Monday, February 23, 2015

BookPastor >> "Alone Together" (Sherry Turkle)

TITLE: Alone Together: Why We Expect More from Technology and Less from Each Other
AUTHOR: Sherry Turkle
PUBLISHER: New York, NY: Basic Books, 2011, (360 pages).

This book underlines Sherry Turkle's concern about how the tools we use are shaping us. In trying to understand the way young people think, the author over several weeks organized pizza parties in the Boston area so that she could tell stories of how people were living in the virtual world. She witnesses a changing understanding of identity. She explores the consequences of a totally networked life and the evolution of robotics. So over 15 years, Turkle notices first hand how technology has shaped, shaken, and seduced the nature of relationships among friends, family, parents, children, lovers, and so on.

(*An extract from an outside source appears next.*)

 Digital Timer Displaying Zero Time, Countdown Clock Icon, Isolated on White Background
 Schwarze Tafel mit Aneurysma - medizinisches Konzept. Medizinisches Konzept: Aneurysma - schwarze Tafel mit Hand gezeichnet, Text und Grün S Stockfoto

We can be free to work anywhere but we can also be lonely everywhere. She asserts that machines are no longer about their capabilities but about our vulnerabilities. Texting is preferred to talking. Multitasking has become the norm. People are connected but loneliness continues unabated. Machines can do many things for us, but for Turkle, the straw came when a Scientific American reporter was so convicted that the day would come where a machine will become a man's best friend. As she describes the reasons why people expect more from technology and less from each other, she maintains a quest not only to ask why but also to propose a path forward.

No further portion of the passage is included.